WORK TO COMPLETE: The reply should hold only the lines from the one with "thumbnail image 3" to the one with "Full Hd Mini", both ends kept, exactly as they appear below, without any pictures.

(EXERCISE DATA)

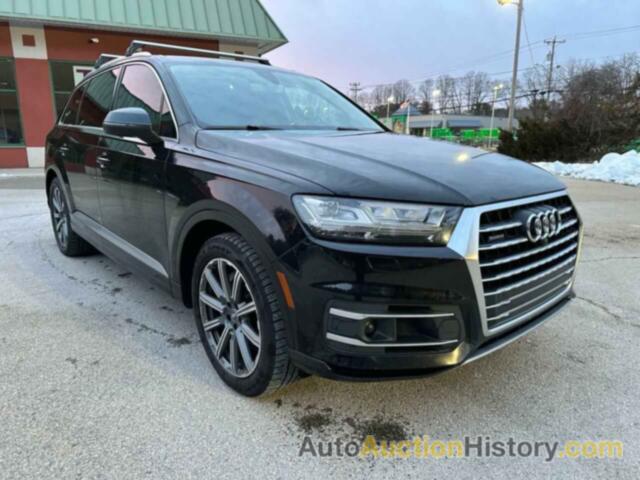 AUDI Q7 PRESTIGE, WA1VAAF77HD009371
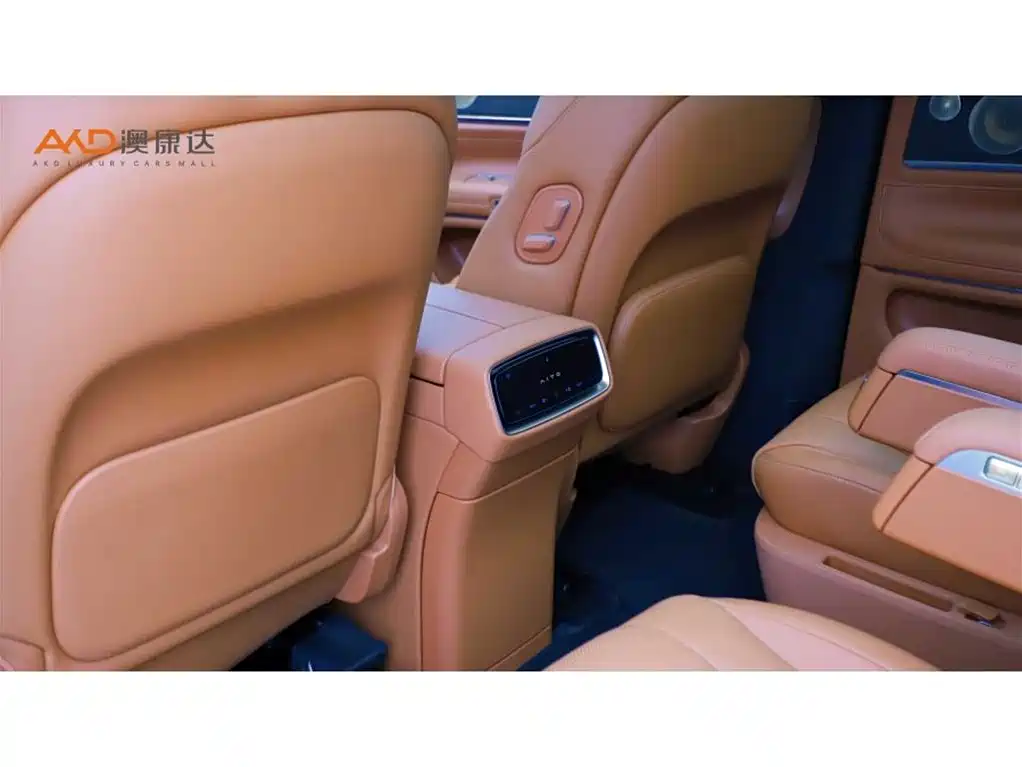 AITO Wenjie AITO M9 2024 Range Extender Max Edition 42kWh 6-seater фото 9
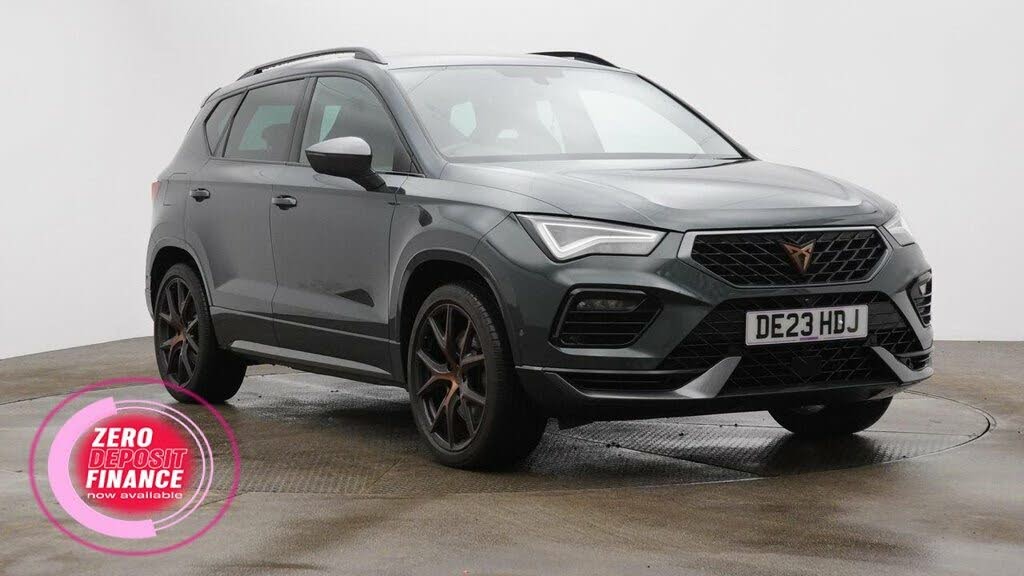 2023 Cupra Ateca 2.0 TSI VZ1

(End EXERCISE DATA)
(EXERCISE DATA)

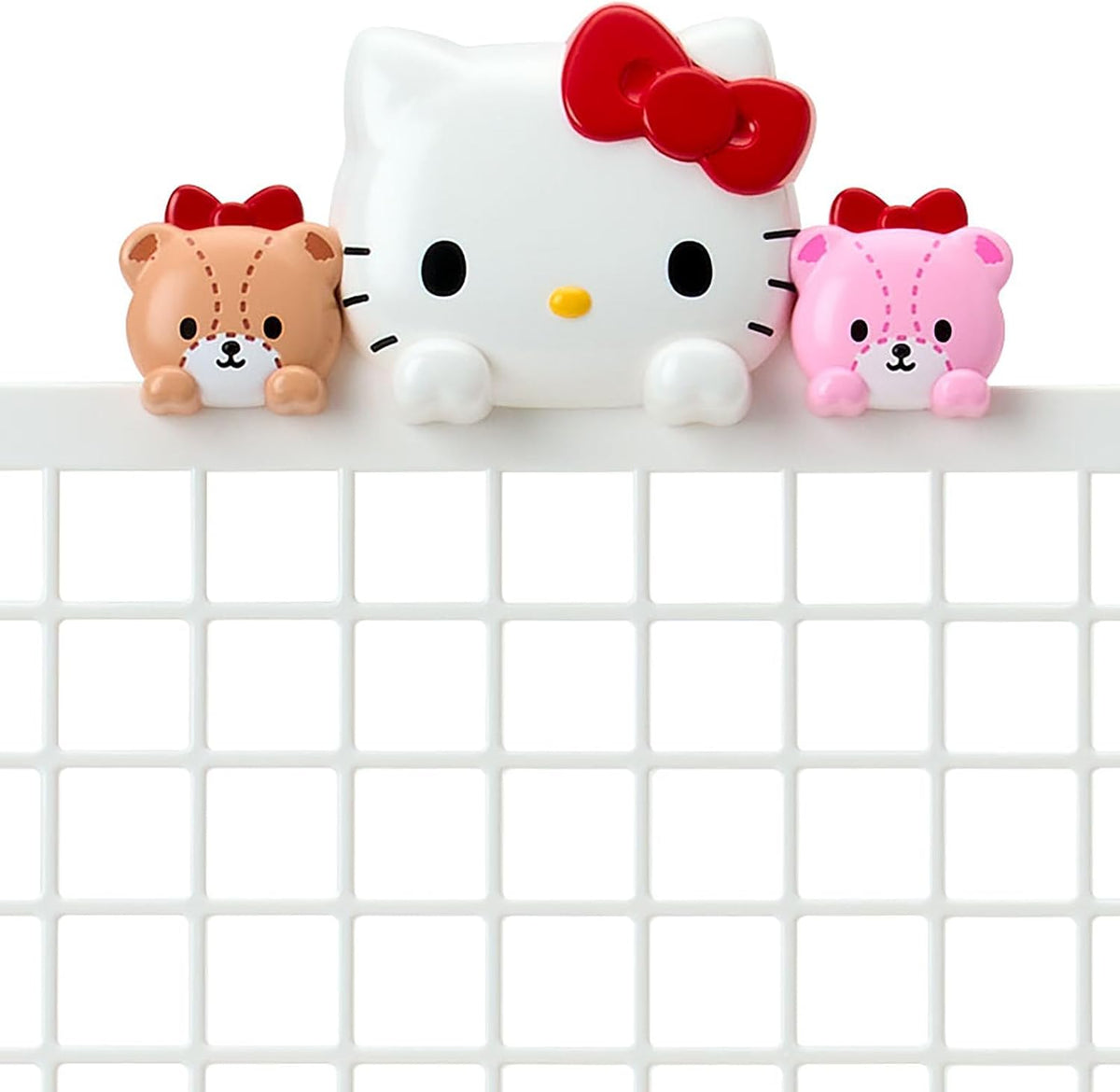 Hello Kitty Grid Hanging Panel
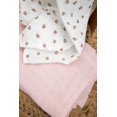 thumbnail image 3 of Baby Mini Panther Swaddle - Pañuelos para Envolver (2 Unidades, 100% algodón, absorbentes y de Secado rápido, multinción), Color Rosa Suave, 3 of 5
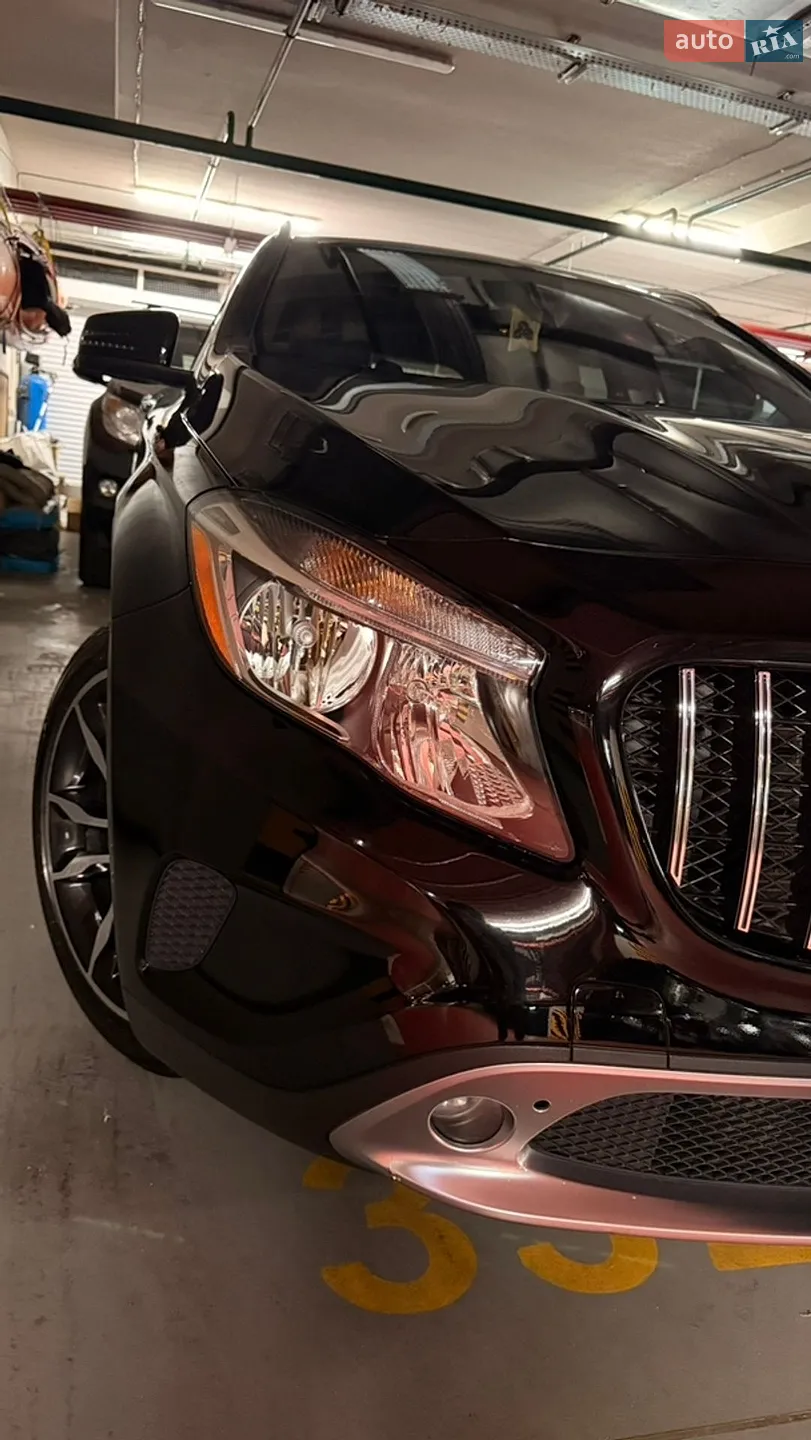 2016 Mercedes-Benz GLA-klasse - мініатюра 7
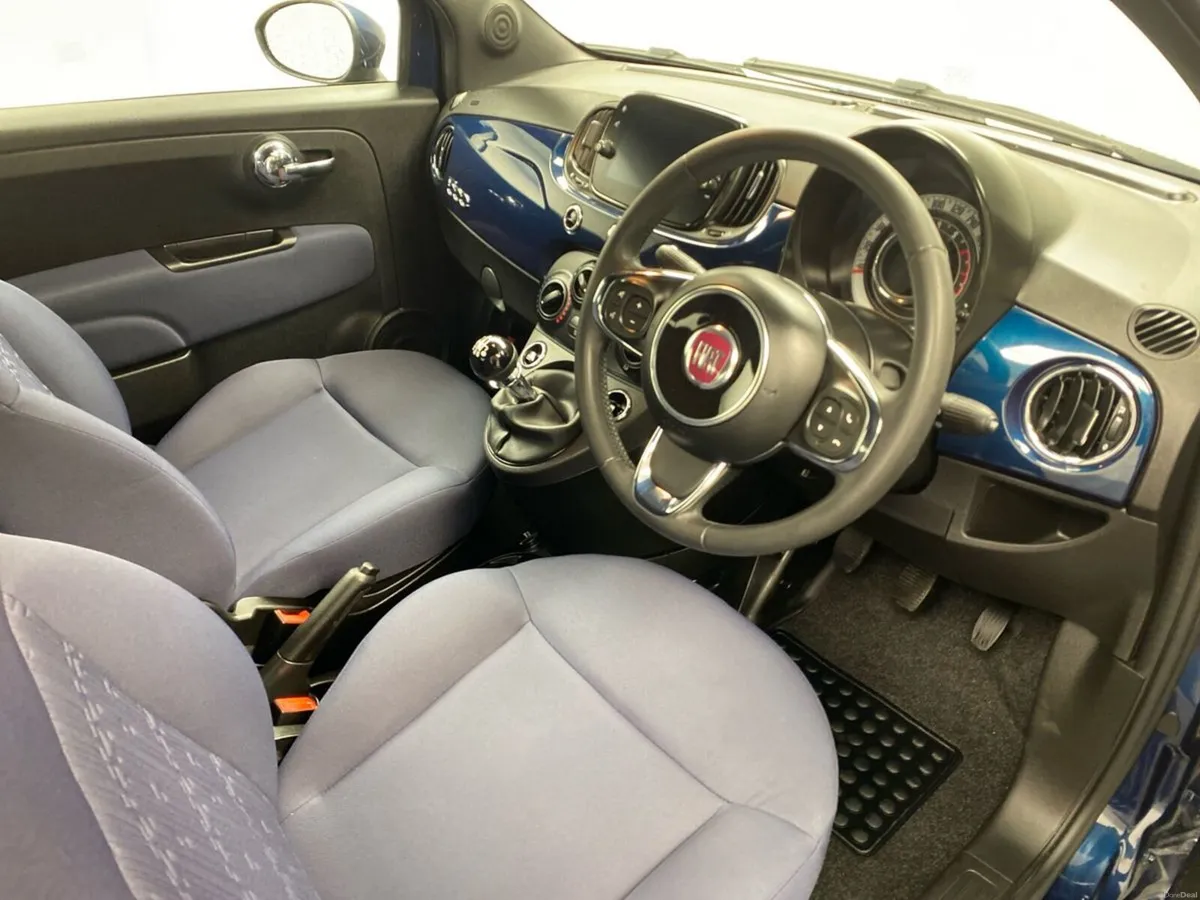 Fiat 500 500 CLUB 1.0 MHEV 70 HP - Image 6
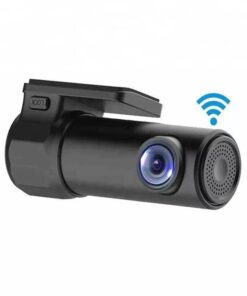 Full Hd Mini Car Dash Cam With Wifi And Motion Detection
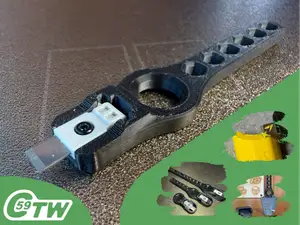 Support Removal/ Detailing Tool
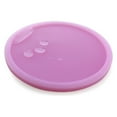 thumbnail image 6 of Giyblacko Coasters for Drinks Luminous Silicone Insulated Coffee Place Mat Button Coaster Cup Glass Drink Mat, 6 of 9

(End EXERCISE DATA)

RESULT:
 thumbnail image 3 of Baby Mini Panther Swaddle - Pañuelos para Envolver (2 Unidades, 100% algodón, absorbentes y de Secado rápido, multinción), Color Rosa Suave, 3 of 5
 2016 Mercedes-Benz GLA-klasse - мініатюра 7
 Fiat 500 500 CLUB 1.0 MHEV 70 HP - Image 6
 Full Hd Mini Car Dash Cam With Wifi And Motion Detection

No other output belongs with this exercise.